Exclude the pictures; give every entry again exactly as written.
START SUPPLIED ENTRIES
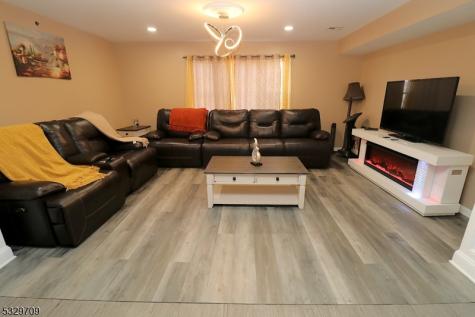 580 3RD Street Newark NJ 07107
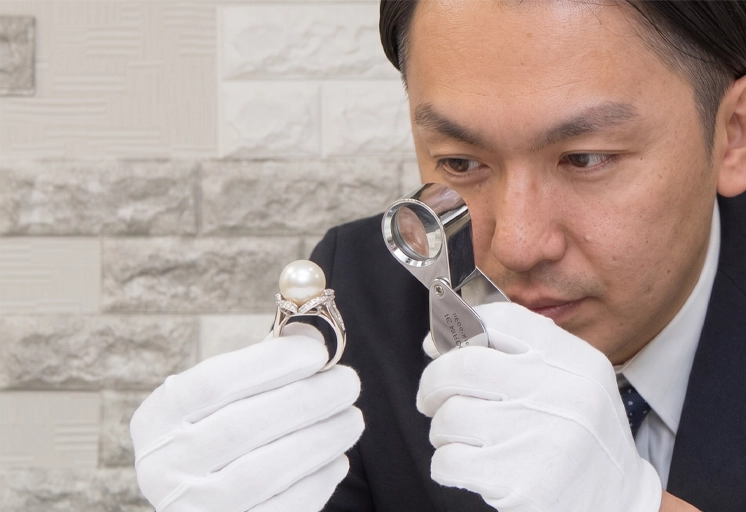 真珠(パール)の知識が豊富な査定スタッフ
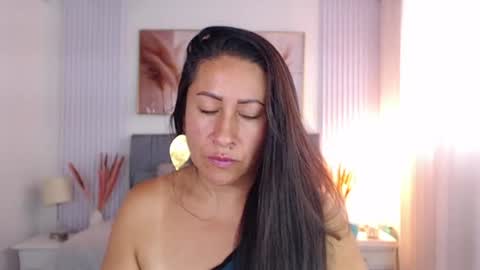 Snapshot of aliicia_milf chatting on 26, 5, 2026 aliicia_milf online show from 26, 5, 2026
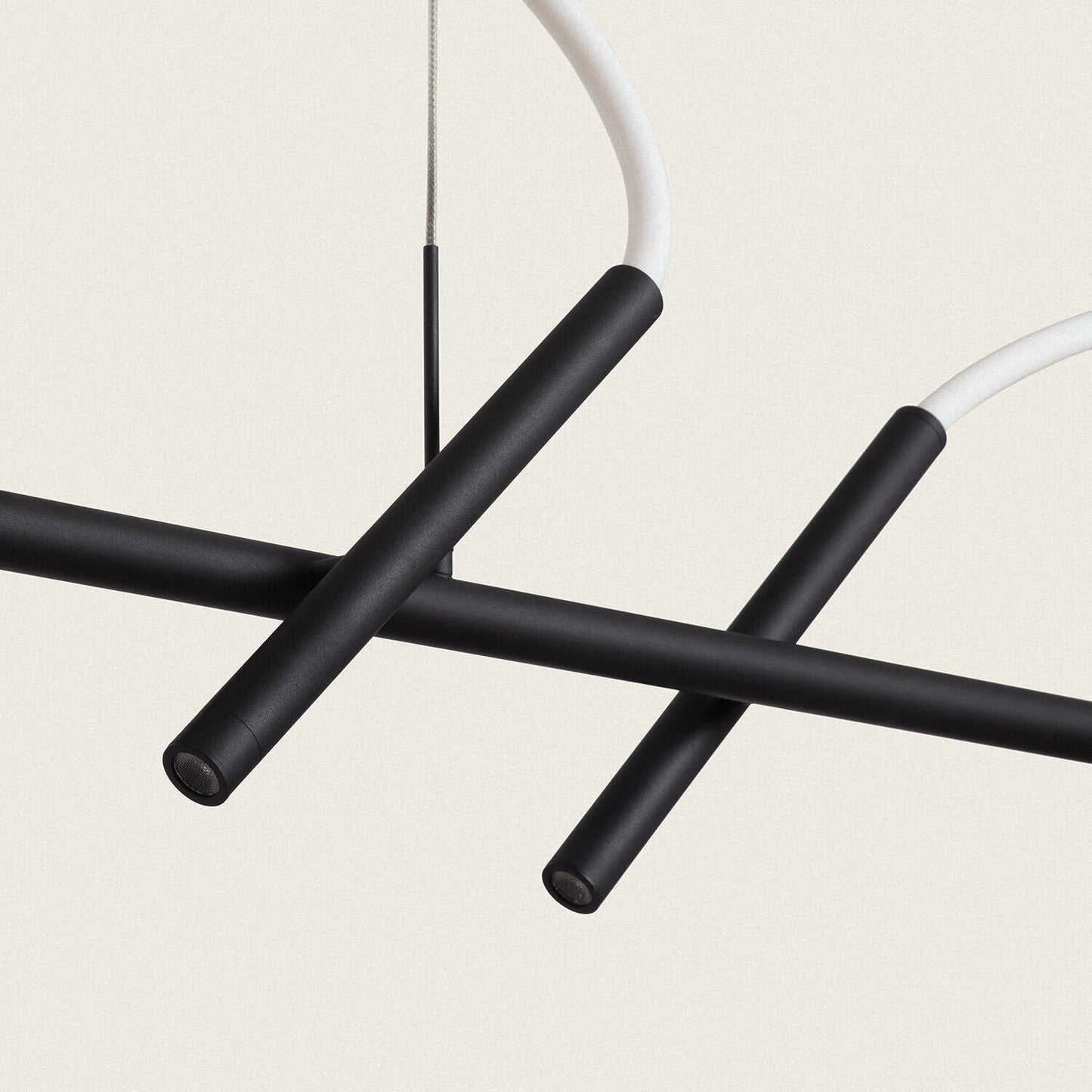 Lámpara Colgante Lineal LED 46W Metal y Silicona Ginnie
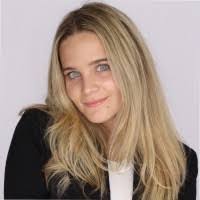 Naomi Vogel's Instagram, Twitter & Facebook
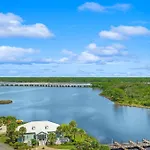 Stunning Condo In Pinnacle Port, Panama City Beach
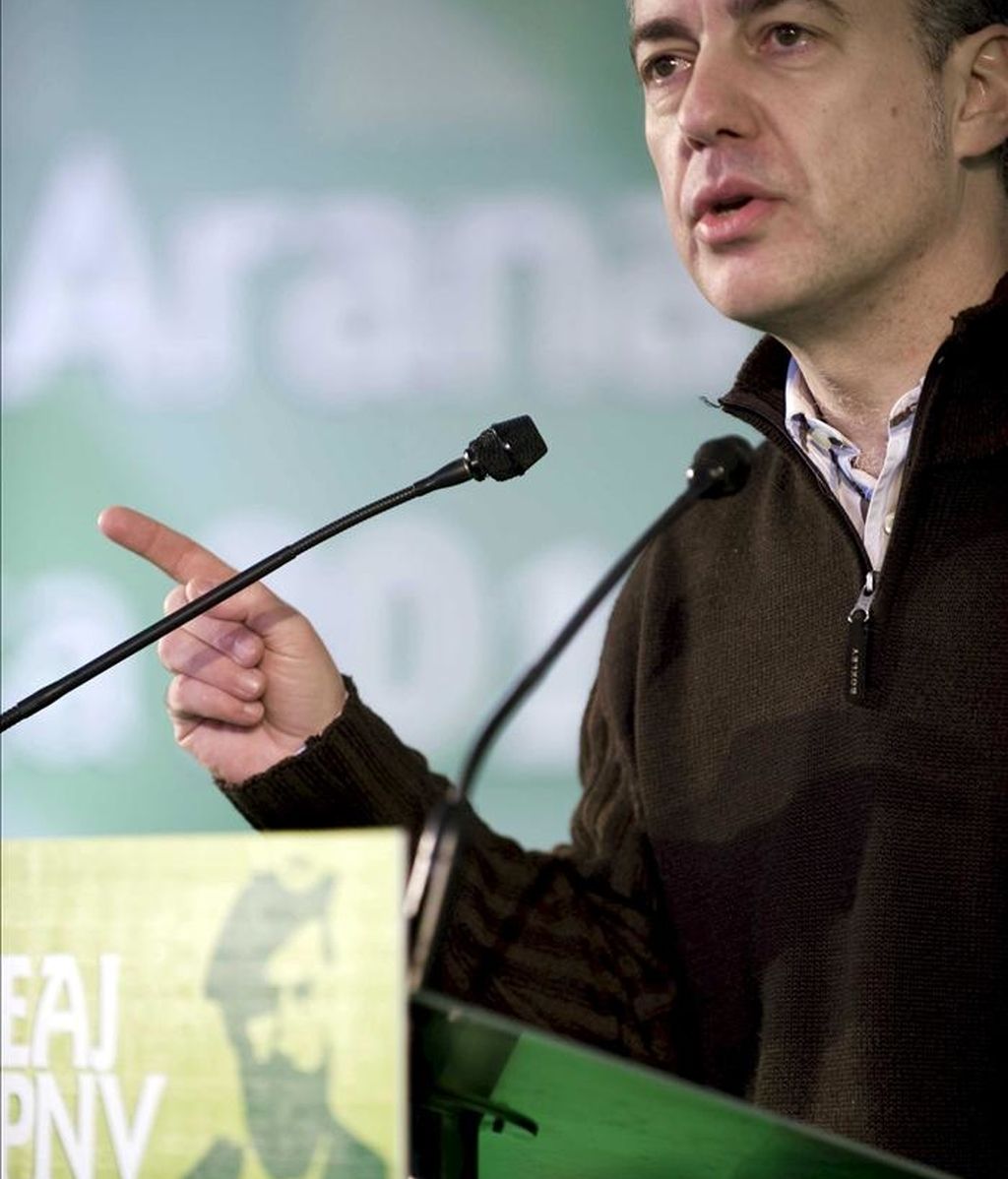 El presidente del PNV, Iñigo Urkullu, durante una intervención en Sukarrieta (Vizcaya) en un acto político con motivo del aniversario del fallecimiento del fundador del partido, Sabino Arana. EFE/Archivo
END SUPPLIED ENTRIES
SOLUTION FOR THIS TASK:
 580 3RD Street Newark NJ 07107
 真珠(パール)の知識が豊富な査定スタッフ
 Snapshot of aliicia_milf chatting on 26, 5, 2026 aliicia_milf online show from 26, 5, 2026
 Lámpara Colgante Lineal LED 46W Metal y Silicona Ginnie
 Naomi Vogel's Instagram, Twitter & Facebook
 Stunning Condo In Pinnacle Port, Panama City Beach
 El presidente del PNV, Iñigo Urkullu, durante una intervención en Sukarrieta (Vizcaya) en un acto político con motivo del aniversario del fallecimiento del fundador del partido, Sabino Arana. EFE/Archivo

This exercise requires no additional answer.